Maar niet getreurd, dit schepsel laat zich door niemand temmen. De groep zoekt door middel van improvisatie nog altijd zijn eigen geluid, wars van genre of conventie. Dit leidt vaak tot een mengelmoes aan ritmes, maatsoorten en songstructuren waarin de drie leden afwisselend op de voorgrond treden. Zo is er een hoofdrol voor percussionist Simon Segers op “Very Important vs. Nothing”, waarin de man bewijst over meer armen dan de gemiddelde visjnoe te beschikken. Iedereen buigt dan weer plechtig het hoofd voor de bezwerende en meditatieve contrabas van Lieven Van Pée op het haast spirituele “I’ll Explain Later”. En groepsleider Ottervanger exploreert de multidimensionale ruimte opgespannen door dreigende elektronica en soms sierlijke dan weer frivool huppelende piano. Op het al uitgebrachte “The Houses” beweegt hij zich zelfs voort op een aanstekelijke technobeat.

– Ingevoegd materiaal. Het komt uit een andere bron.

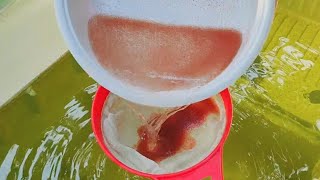 How to culture daphnia  Daphnia culture  How to grow daphnia outdoor [upl. by Friday894]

Minimalisme en polyritmiek gaan hand in hand op deze nieuwe van De Beren Gieren. Centraal staat nog steeds improvisatie en exploratie. Een zoektocht in klanken naar wat ons overstijgt, datgene waar we onbewust steeds over kijken – ziedaar de albumtitel. Het resultaat leidt tot een verdere uitdieping van het wezen van de band, soms eens verwarrend en nerveus, dan weer innemend en bijna lieflijk. We get what we came for, al kan je je afvragen wat we in hemelsnaam dachten te krijgen bij deze interessante weirdo’s.